5. Private-sector businesses must be encouraged to participate in emergency-preparedness activities. There was no coordinated plan linking local police and anti-terrorism units with the private-sector targets of the Mumbai terrorist teams. The attacks were initiated after business hours, and under the cover of darkness. Private-sector business preparedness should include those personnel assigned on all shifts. Most businesses are unprepared for an armed assault, and many are reluctant to take time out of their daily business operations to plan and prepare for such assaults. However, a higher-level objective of the Mumbai attack was to target the tourist industry in Mumbai, and India as a whole. At the strategic level, this intensity of pressure, because of the importance of tourism to the Indian economy, was probably designed to escalate tensions between India and Pakistan. Private-sector infrastructure assets have historically been attractive targets for terrorist groups in achieving broader strategic objectives. From a profitability point of view, the lack of preparedness to safeguard customers makes poor business sense in the 21st century. The Mumbai attacks – in which private businesses were once again a soft terrorist target – should be another warning to public officials and business leaders alike.

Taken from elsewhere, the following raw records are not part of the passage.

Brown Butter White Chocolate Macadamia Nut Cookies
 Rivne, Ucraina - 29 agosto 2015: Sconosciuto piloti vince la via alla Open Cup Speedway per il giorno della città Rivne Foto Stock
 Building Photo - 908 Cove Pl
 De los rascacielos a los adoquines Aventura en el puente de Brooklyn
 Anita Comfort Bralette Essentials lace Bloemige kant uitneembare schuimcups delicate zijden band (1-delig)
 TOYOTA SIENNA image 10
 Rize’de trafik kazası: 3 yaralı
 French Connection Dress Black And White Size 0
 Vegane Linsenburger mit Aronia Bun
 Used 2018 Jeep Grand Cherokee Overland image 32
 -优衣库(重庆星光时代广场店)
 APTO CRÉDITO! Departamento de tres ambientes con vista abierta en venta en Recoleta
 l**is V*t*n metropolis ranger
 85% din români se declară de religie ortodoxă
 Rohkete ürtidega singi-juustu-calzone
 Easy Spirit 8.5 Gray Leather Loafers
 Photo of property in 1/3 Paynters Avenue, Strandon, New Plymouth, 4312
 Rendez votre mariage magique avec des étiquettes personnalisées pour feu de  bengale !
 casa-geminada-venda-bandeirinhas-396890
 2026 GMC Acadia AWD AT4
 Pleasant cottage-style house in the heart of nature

In short, the complexity and deadly nature of the Mumbai attacks raises the bar of terrorist operational capabilities worldwide. Seen in that context, the terrorist assault on Mumbai ranks on the same plane as the Moscow Theater siege, the attacks on London’s underground subway system, and the 11 September 2001 terrorist attacks on the Pentagon and the World Trade Center towers. All were watershed events in the global evolution of terrorist campaigns against the democratic societies of the Western world.  Emergency-services planners and public officials should closely study the Mumbai attacks, therefore, with an objective of elevating their emergency preparedness and response posture to a new level that embraces the private sector as well as the entire spectrum of emergency-services disciplines.

Joseph W. Trindal

As founder and president of Direct Action Resilience LLC, Joseph Trindal leads a team of retired federal, state, and local criminal justice officials providing consulting and training services to public and private sector organizations enhancing leadership, risk management, preparedness, and police services. He serves as a senior advisor to the U.S. Department of Justice, International Criminal Justice Training and Assistance Program (ICITAP) developing and leading delivery of programs that build post-conflict nations’ capabilities for democratic policing and applied modern investigative techniques. After a 20-year career with the U.S. Marshals Service, where he served as chief deputy U.S. marshal and ERT incident commander, he accepted the invitation in 2002 to become part of the leadership standing up the U.S. Department of Homeland Security as director at Federal Protective Service for the National Capital Region. He serves on the Partnership Advisory Council at the International Association of Directors of Law Enforcement Standards and Training (IADLEST). He also serves on the International Association of Chiefs of Police, International Managers of Police Academy and College Training. He was on faculty as an instructor at George Washington University. He is past president of the InfraGard National Capital Region Members Alliance. He has published numerous articles, academic papers, and technical counter-terrorism training programs. He has two sons on active duty in the U.S. Navy. Himself a Marine Corps veteran, he holds degrees in police science and criminal justice. He has contributed to the Domestic Preparedness Journal since 2006 and is a member of the Preparedness Leadership Council.